More importantly, Truto handles the authentication lifecycle entirely. We manage the OAuth token refresh behind the scenes and inject the valid access_token directly into the native picker. You get zero-code auth management without forcing the user through a redundant login flow.

Tip

Config keys you don't recognize are passed through directly to the native provider SDK. This means you get full access to provider-specific options (like Google's selectableMimeTypes or Box's sortDirection) without Truto acting as a bottleneck.

The Post-Selection Pipeline: Deduplication and JSONata

Getting the user to select a file is only half the battle. Once the picker returns an array of files, you have to normalize that data before persisting it to your database or triggering a download job (see Tackling the Challenges of File Upload and Download Integrations).

Every provider in our SDK runs through a shared, four-step post-selection pipeline:

  1. Deduplication: All items are cast to an array and deduplicated by ID (handling edge cases where providers return duplicates from shared drives).
  2. Transformation: Data passes through an optional JSONata transformation layer via the trutoExpression configuration.
  3. Persistence: The transformed array is PATCHed directly to the integrated account context via the Truto API.
  4. Resolution: The promise resolves, returning the clean array to your application.

The JSONata transformation step is particularly powerful for RAG use cases. Because the expression runs on the full array of picked items, you can filter out specific MIME types, reshape the metadata, or compute derived values on the client side before the payload ever hits your backend.

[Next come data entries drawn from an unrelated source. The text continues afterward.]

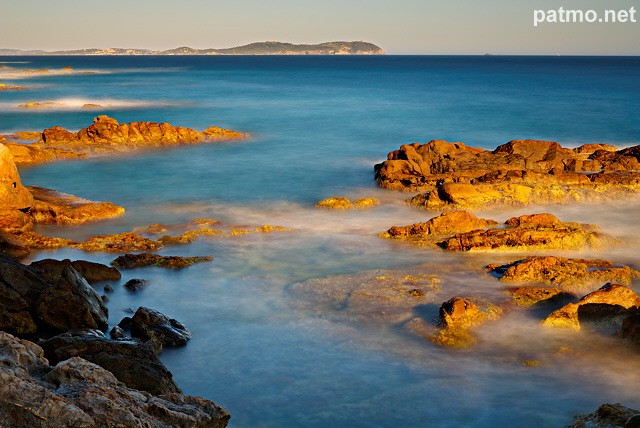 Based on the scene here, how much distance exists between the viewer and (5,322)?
363 inches

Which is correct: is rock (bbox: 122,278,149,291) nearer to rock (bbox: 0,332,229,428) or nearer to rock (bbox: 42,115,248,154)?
rock (bbox: 0,332,229,428)

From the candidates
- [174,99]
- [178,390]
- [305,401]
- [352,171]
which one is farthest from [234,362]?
[174,99]

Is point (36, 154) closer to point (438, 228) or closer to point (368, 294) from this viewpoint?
point (438, 228)

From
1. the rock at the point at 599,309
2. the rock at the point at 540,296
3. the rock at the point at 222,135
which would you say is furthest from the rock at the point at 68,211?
the rock at the point at 222,135

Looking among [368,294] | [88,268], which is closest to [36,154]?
[88,268]

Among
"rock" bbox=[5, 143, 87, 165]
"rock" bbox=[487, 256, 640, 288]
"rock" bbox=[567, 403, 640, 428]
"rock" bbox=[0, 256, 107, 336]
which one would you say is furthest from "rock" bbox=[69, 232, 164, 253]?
"rock" bbox=[5, 143, 87, 165]

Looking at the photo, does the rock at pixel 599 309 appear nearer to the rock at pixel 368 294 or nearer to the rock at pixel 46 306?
the rock at pixel 368 294

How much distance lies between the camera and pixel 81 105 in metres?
50.6

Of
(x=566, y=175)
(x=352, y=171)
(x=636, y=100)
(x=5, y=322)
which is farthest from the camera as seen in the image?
(x=636, y=100)

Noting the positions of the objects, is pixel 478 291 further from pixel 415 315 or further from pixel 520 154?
pixel 520 154

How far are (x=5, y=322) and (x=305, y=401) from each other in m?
4.51

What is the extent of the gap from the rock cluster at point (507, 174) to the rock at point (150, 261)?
791 cm

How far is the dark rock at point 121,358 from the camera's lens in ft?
22.4

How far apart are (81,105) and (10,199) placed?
3699 cm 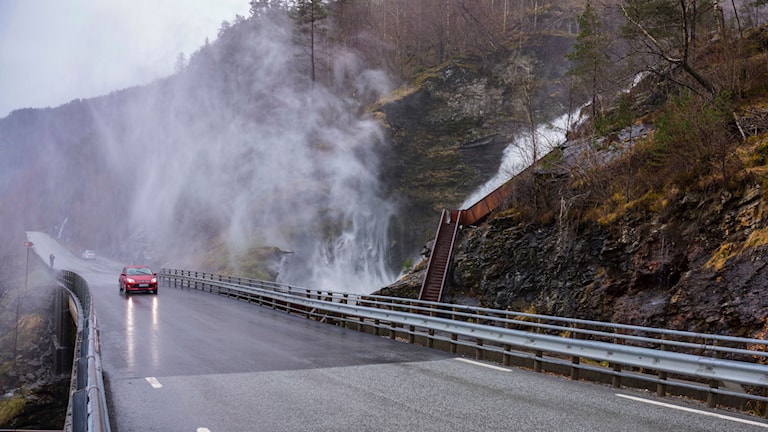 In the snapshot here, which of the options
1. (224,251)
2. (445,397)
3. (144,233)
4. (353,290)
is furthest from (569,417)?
(144,233)

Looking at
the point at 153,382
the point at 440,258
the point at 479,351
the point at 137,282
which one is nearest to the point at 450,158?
the point at 440,258

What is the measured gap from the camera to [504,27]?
63188mm

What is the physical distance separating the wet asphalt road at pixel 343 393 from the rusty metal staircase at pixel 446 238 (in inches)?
341

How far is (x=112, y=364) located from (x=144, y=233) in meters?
63.6

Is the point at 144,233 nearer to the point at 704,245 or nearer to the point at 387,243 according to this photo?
the point at 387,243

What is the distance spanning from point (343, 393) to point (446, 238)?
56.5 ft

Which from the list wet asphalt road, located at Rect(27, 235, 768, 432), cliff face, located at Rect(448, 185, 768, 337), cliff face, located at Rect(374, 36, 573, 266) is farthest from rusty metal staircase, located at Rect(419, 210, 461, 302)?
cliff face, located at Rect(374, 36, 573, 266)

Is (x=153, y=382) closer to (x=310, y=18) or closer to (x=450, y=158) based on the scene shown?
(x=450, y=158)

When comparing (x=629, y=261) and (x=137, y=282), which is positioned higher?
(x=629, y=261)

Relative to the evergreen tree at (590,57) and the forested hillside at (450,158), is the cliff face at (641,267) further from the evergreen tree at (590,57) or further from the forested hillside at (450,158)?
the evergreen tree at (590,57)

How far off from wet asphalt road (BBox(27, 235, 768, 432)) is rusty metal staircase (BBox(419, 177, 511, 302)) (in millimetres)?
8664

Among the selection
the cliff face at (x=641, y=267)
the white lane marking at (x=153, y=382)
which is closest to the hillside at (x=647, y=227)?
the cliff face at (x=641, y=267)

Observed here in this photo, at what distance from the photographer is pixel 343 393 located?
845 cm

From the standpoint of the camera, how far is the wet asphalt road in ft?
22.5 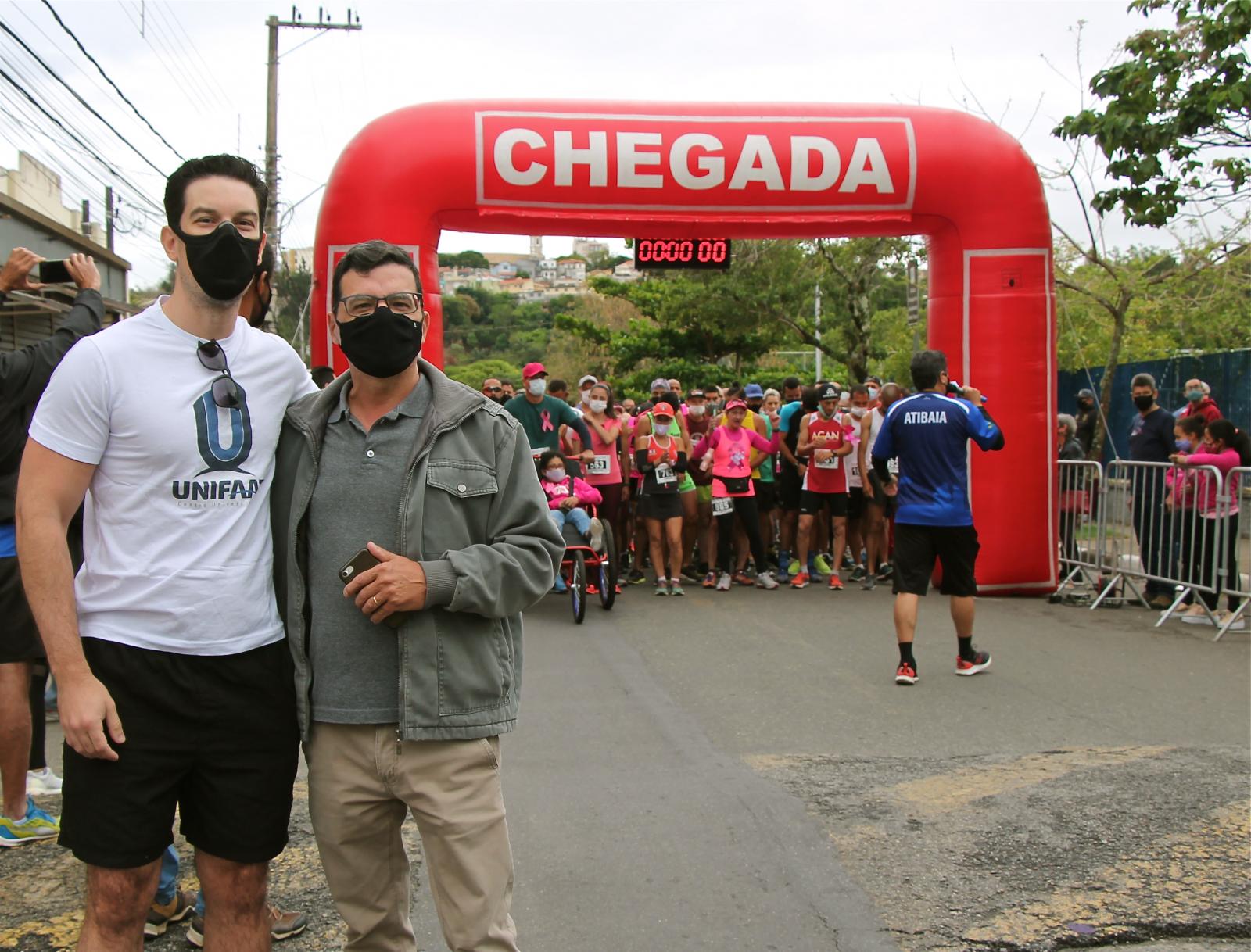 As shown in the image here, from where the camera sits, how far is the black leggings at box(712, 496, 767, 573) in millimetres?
11289

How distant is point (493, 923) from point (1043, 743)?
4057mm

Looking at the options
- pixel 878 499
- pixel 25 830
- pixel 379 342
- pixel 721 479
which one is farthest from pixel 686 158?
pixel 379 342

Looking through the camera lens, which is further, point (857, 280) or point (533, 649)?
point (857, 280)

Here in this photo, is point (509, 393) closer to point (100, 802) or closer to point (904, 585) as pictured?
point (904, 585)

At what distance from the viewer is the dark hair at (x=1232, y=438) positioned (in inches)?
374

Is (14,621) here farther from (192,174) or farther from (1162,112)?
(1162,112)

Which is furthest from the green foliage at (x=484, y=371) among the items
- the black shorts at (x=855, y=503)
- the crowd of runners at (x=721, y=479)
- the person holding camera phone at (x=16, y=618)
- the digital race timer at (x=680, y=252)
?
the person holding camera phone at (x=16, y=618)

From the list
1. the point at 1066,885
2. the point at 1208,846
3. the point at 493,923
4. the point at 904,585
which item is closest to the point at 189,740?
the point at 493,923

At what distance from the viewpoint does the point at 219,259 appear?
266 centimetres

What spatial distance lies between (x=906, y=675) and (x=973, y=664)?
1.84ft

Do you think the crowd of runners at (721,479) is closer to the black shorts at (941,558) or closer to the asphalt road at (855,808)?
the asphalt road at (855,808)

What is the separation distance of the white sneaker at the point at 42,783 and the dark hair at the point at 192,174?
3176 mm

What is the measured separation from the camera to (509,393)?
13875 millimetres

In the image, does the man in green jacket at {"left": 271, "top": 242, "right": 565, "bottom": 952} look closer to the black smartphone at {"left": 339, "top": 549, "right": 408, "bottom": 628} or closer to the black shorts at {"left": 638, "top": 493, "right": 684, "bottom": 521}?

const pickedItems = await showFilePicker('googledrive', token, {
  // Add a timestamp and source to every selected item before storing
  trutoExpression: '$.($merge([{"selected_at": $now(), "source": "google_drive"}, $]))'
});

Replace vs. Upsert: Managing Persistent File Selections

When users interact with file pickers across multiple sessions, you have to decide how to handle state. If a user picks three files on Monday and two files on Tuesday, do you overwrite the selection or merge them?

We handle this via the truto_upsert_drive_items configuration flag.

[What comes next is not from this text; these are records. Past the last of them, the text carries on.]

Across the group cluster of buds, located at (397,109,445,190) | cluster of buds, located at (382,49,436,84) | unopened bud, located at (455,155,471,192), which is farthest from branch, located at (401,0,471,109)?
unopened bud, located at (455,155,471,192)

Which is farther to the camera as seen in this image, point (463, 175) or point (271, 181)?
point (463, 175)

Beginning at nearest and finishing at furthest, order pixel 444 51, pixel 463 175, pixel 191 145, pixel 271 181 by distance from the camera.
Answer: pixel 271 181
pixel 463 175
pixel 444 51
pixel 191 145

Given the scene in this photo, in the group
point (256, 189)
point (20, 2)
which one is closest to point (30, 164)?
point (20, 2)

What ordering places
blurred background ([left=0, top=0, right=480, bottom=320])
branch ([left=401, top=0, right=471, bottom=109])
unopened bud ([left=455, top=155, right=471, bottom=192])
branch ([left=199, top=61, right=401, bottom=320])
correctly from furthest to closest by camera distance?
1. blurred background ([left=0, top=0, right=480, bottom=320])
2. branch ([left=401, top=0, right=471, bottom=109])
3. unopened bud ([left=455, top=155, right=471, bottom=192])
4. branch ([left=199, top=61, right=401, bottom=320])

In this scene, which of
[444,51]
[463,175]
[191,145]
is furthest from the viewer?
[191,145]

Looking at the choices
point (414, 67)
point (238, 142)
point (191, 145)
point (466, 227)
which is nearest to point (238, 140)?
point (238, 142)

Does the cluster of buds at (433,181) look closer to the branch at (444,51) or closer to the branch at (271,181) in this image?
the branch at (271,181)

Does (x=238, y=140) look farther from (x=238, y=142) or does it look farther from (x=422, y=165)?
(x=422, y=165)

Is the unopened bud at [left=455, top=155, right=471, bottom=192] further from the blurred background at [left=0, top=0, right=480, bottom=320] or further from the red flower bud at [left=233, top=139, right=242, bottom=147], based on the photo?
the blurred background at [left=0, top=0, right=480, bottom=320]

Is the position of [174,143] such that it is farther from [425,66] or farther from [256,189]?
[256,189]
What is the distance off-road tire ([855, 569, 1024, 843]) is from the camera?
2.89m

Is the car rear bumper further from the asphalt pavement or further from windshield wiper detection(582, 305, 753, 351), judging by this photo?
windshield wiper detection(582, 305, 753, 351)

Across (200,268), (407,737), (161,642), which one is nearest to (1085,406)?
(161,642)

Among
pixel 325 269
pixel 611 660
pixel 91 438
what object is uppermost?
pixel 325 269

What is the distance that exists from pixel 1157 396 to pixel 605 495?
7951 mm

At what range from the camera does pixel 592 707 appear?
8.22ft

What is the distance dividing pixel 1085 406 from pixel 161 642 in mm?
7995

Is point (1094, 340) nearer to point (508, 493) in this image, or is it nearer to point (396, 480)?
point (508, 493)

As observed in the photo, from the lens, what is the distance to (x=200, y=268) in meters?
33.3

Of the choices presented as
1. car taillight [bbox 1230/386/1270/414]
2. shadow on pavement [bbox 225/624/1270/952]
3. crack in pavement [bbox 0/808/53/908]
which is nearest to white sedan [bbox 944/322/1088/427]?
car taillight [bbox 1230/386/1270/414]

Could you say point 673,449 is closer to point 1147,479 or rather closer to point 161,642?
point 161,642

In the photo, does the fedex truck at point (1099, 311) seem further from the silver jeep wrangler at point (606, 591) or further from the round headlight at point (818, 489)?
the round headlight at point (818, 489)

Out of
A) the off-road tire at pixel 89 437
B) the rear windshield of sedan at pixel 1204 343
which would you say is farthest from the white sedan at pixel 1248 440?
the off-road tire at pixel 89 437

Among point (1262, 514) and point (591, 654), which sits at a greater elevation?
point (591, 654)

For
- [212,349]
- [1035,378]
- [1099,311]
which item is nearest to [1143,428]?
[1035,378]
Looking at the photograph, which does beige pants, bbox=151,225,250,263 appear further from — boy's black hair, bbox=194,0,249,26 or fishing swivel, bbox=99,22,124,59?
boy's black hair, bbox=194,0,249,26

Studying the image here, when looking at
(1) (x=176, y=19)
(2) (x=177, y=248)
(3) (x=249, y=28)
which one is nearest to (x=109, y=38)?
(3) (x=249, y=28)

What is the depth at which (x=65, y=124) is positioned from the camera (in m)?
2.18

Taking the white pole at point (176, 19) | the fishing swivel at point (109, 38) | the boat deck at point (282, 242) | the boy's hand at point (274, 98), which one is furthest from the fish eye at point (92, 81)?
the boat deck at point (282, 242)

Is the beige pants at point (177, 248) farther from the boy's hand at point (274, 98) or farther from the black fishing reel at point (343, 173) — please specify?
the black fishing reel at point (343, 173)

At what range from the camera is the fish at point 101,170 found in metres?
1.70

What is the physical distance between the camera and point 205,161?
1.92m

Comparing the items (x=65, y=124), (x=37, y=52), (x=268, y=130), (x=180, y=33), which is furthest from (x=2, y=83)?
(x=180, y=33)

By default, the SDK operates in replace mode. Each picker invocation completely replaces the stored drive items. If you enable upsert mode, new items are merged with existing items and deduplicated by ID.

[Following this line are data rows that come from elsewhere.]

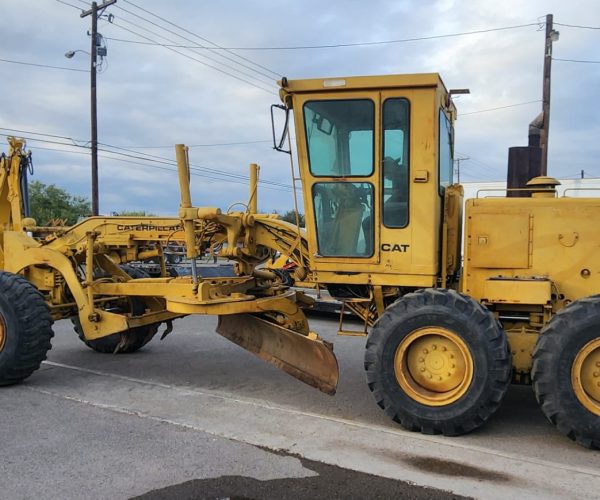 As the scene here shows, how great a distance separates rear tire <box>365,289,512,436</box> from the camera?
4.69 m

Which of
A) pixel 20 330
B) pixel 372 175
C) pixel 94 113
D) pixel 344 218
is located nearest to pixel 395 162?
pixel 372 175

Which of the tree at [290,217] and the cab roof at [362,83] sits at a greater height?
the cab roof at [362,83]

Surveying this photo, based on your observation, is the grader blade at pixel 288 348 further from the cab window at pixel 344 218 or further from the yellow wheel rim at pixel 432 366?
the cab window at pixel 344 218

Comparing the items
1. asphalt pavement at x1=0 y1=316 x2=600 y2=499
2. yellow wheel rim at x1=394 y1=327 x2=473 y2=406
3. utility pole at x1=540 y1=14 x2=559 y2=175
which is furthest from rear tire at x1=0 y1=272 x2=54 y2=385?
utility pole at x1=540 y1=14 x2=559 y2=175

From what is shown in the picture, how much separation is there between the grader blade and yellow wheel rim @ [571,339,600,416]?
6.66ft

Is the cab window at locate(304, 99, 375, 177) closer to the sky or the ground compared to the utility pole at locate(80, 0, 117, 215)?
closer to the ground

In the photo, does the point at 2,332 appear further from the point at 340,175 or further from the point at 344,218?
the point at 340,175

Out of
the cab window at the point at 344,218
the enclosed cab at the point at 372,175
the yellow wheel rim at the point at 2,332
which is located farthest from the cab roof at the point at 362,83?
the yellow wheel rim at the point at 2,332

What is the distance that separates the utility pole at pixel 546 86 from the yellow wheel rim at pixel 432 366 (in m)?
14.0

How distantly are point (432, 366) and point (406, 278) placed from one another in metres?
0.86

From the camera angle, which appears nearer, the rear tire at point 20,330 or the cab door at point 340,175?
the cab door at point 340,175

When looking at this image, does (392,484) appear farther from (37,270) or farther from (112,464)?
(37,270)

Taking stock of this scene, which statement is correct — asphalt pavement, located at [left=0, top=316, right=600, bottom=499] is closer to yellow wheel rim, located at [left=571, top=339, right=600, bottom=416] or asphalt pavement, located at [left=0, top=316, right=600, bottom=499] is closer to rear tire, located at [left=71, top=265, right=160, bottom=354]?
yellow wheel rim, located at [left=571, top=339, right=600, bottom=416]

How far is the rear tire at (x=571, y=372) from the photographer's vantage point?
4488 mm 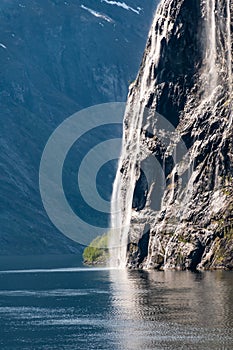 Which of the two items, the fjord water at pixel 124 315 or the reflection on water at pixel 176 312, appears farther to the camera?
the fjord water at pixel 124 315

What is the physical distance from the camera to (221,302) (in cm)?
13938

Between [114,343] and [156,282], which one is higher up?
[156,282]

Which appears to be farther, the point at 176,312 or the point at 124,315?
the point at 124,315

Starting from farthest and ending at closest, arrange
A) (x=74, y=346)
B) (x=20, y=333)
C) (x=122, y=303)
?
(x=122, y=303) → (x=20, y=333) → (x=74, y=346)

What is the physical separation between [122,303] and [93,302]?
649 cm

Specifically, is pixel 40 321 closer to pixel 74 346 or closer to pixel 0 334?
pixel 0 334

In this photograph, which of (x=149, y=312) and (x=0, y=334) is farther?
(x=149, y=312)

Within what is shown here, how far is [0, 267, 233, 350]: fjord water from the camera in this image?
11238cm

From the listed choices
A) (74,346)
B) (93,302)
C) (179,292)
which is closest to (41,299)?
(93,302)

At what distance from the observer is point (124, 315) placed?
13512 centimetres

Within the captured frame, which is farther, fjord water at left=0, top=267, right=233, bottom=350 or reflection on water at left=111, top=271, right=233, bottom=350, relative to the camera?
fjord water at left=0, top=267, right=233, bottom=350

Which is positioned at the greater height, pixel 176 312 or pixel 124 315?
pixel 176 312

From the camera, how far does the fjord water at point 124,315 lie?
112 meters

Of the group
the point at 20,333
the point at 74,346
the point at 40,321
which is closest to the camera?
the point at 74,346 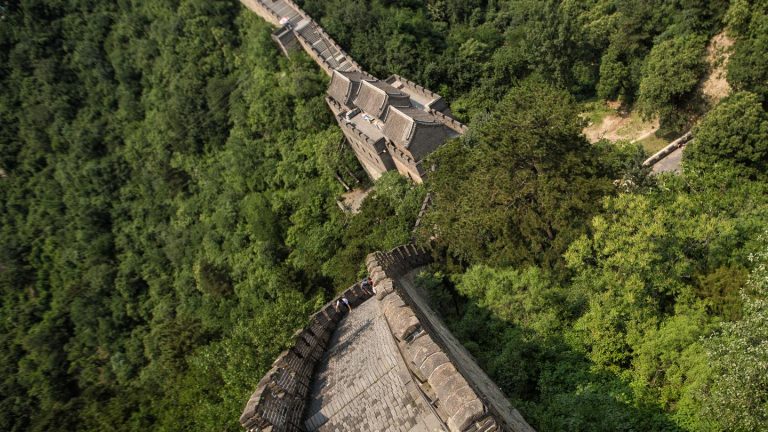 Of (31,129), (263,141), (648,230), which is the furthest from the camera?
(31,129)

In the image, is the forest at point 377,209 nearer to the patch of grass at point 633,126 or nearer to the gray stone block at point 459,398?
the patch of grass at point 633,126

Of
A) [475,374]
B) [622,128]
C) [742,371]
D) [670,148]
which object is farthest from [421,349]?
[622,128]

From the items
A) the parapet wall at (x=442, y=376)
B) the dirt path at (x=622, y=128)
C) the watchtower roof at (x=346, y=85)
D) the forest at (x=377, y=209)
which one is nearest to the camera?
the parapet wall at (x=442, y=376)

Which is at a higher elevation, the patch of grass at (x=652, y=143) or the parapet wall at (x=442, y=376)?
the parapet wall at (x=442, y=376)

const pickedItems = await showFilePicker('sharepoint', token, {
  truto_upsert_drive_items: true // Merges new selections with historical ones
});

SharePoint and OneDrive actually support this natively on the frontend. We map the stored file IDs to their sourceItems configuration, meaning previously selected files are automatically pre-selected with checkmarks the next time the Microsoft popup opens. Google Drive and Box lack this native re-selection UI, but the upsert logic ensures your backend state remains consistent regardless of the provider.

The Trade-offs

Using a unified file picker through Truto isn't a silver bullet. You are still subject to per-provider limitations. Box's CORS requirements don't go away. Dropbox still needs domain allowlisting. Google's Picker API still loads three scripts. Truto handles the complexity for you, but the underlying constraints exist.

Furthermore, native pickers mean native UX inconsistencies. If pixel-perfect UI consistency across providers is your top priority, a custom-built picker might be more appropriate—though you lose the inherent user trust of the native interfaces.

Why AI Agents Need Native Pickers

Selective file ingestion is the only scalable architecture for modern AI applications. You have to let users explicitly choose which documents matter.

By using a unified API that wraps native pickers, you solve three problems at once:

  • User Trust: Users authenticate and select files through the official Google or Microsoft interfaces, not a custom third-party replica.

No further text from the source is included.